The patrol's superintendent, Col. James Keathley, announced the personnel change at a Senate Appropriations Committee hearing after more than a month of complaints from conservatives. The change came less than a week after Keathley was questioned by the same panel of lawmakers about the information center and its modern-militia report.

Lt. David A. Hall, who first joined the patrol in 1993, now takes over the Missouri Information Analysis Center.

In addition to the new director, Keathley said the information center also will report to a member of the superintendent's staff.

"I don't see us releasing another strategic report of this nature any time in the near future," he said. "Those are going to be scrutinized extremely heavily from this point forward."

The Missouri Information Analysis Center collects intelligence from state and federal agencies to combat terrorism and criminal activity. It was created under former governor Matt Blunt.

'Political profiling'

The controversial report says that some militia members subscribe to militant pro-life or anti-illegal immigration movements. It also notes that members usually support presidential candidates such as Rep. Ron Paul, R-Texas, Libertarian Bob Barr, and Constitution Party member Chuck Baldwin.

Neither Keathley nor a Highway Patrol news release announcing the change in directors at the Missouri Information Analysis Center mentioned former director Van Godsey. Highway Patrol spokesman Lt. John Hotz said Monday that Godsey was transferred to another spot in the Division of Drug and Crime Control, but he had no further details.

Gov. Jay Nixon, a Democrat, last month blamed the report's contents on "overzealousness" while defending police intelligence-gathering and suggesting that the information center could see personnel changes. Nixon's comments came after Republican Lt. Gov. Peter Kinder called the militia report "political profiling" and demanded that disciplinary action be taken against Nixon's director of public safety.

Since then, House Republicans added to the state budget a prohibition on using state money for "political profiling." Senate Appropriations Committee Chairman Gary Nodler said Monday that he found some elements in the report detailing how historic flags can be used as militia symbols to be "inappropriate and offensive."

"It really is an affront to people who are patriots," said Nodler, R-Joplin.

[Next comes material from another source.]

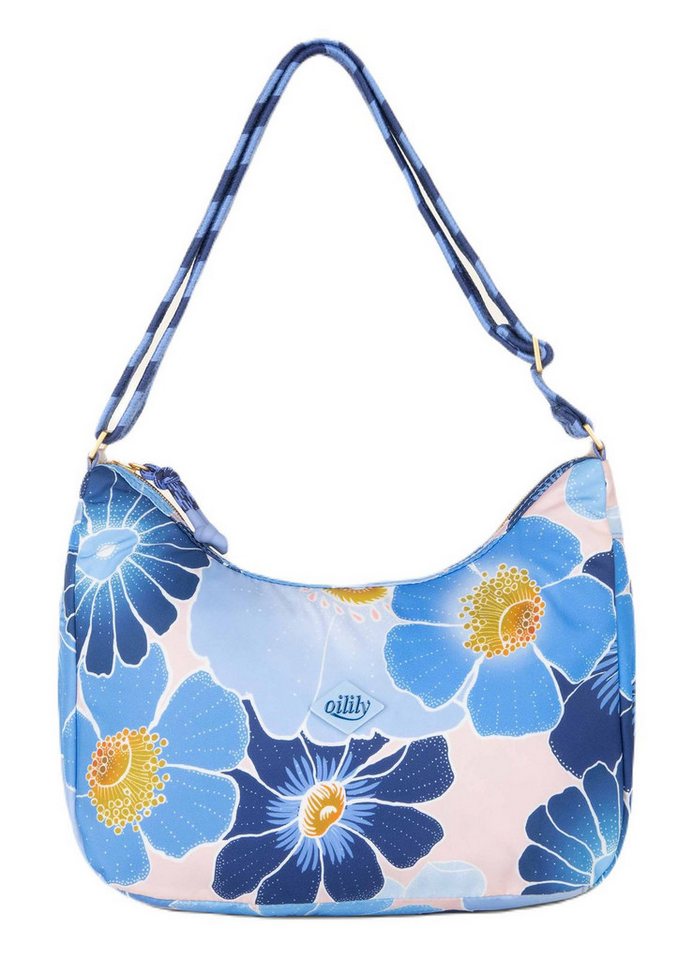 Oilily Schultertasche Hillie von Oilily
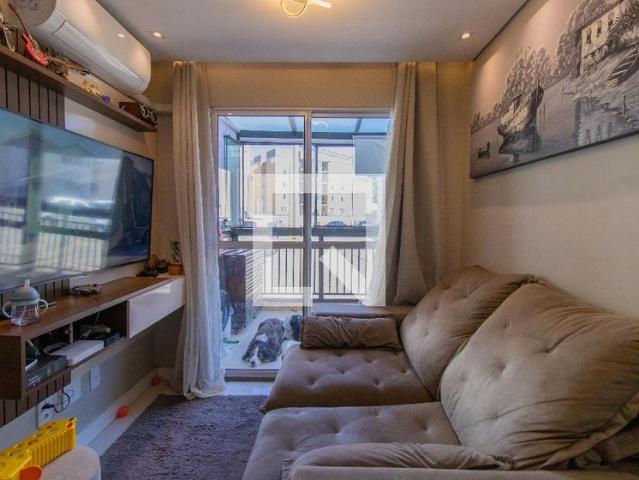 Apartamento aluguel em Região Imediata de São Paulo, Região Metropolitana de São Paulo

Responding to a request by The Associated Press for other reports written by the Missouri Information and Analysis Center, the patrol on Monday released copies of the militia report and 10 others. The patrol redacted some portions of the reports and refused to provide copies of five others. Hotz said the withheld reports contain operational techniques and procedures.

The reports that were not provided deal with the New Black Panther Party, the National Socialist Movement, the Volksfront-White Supremacist group, illicit use of digital music players and anarchist tactics.

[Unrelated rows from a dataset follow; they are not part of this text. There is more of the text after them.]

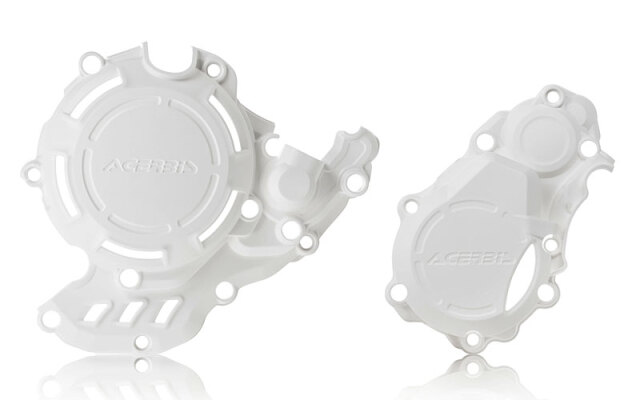 エンジンケースガード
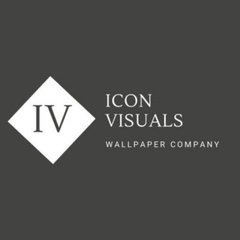 Icon Visuals Wallpaper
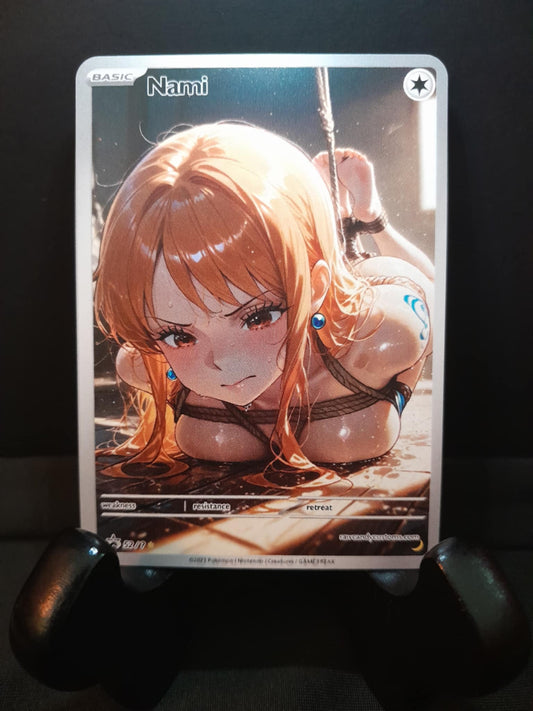 Nami | S.O.S.
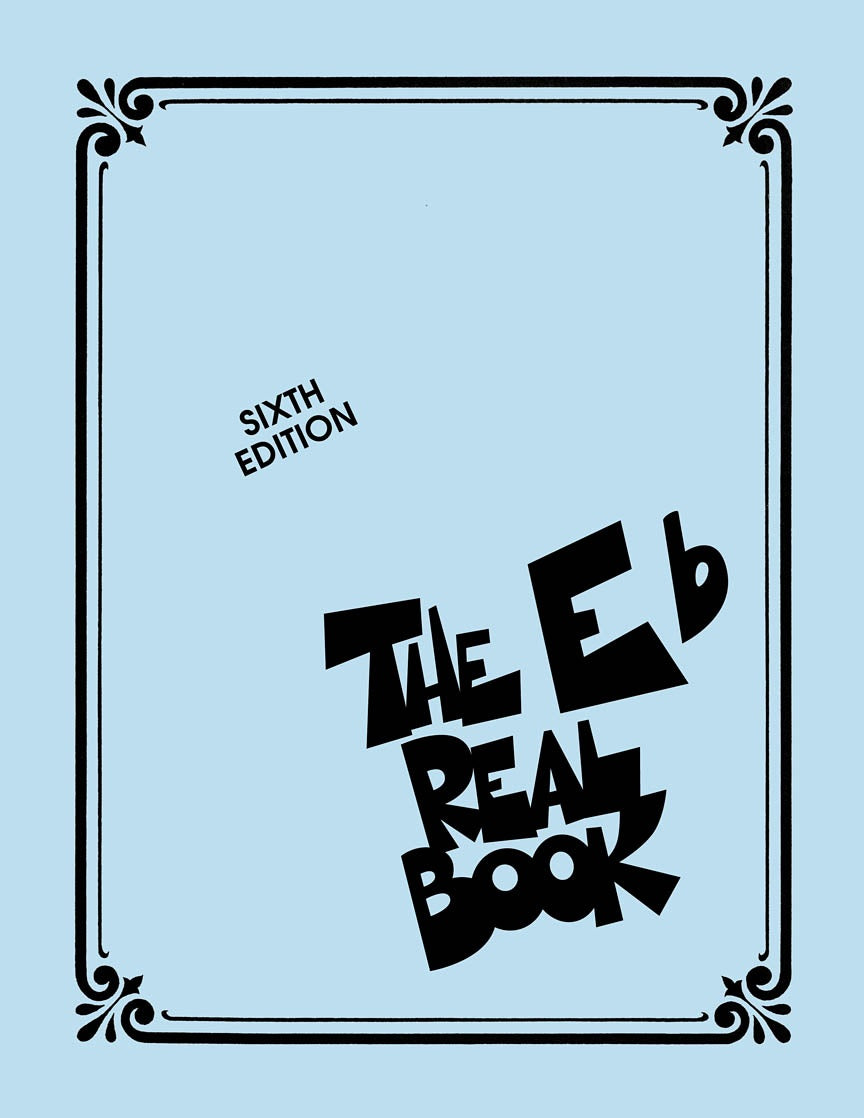 The Real Book – Volume 1 – Ficks Music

Those that were released contained historical background of various groups and movements.

A January 2009 report examining unorganized militias and modern "committees of safety" had a couple of apparently redacted sections under the heading of "Committees of Safety in Missouri."

The remaining paragraphs said "there is already an indication that extremism is alive and well within the Committees of Safety. Given the foul reputation the militia movement has with the general public, their leadership may use the Committee of Safety as a front."

Another report, about the Asatru-Odinism religion and its use by white supremacists, specifically warns that every practitioner is not a white supremacist. The July 2007 report states that knowing how the religious beliefs can be used to justify racism could help police understand white supremacists' mindset.

"Being an adherent to Asatru-Odinism does not in any way make a person more inclined to being a white supremacist. On the contrary, those who are affiliated in such a manner usually start as white supremacists and make the move to Germanic paganism based on those initial beliefs," the report states.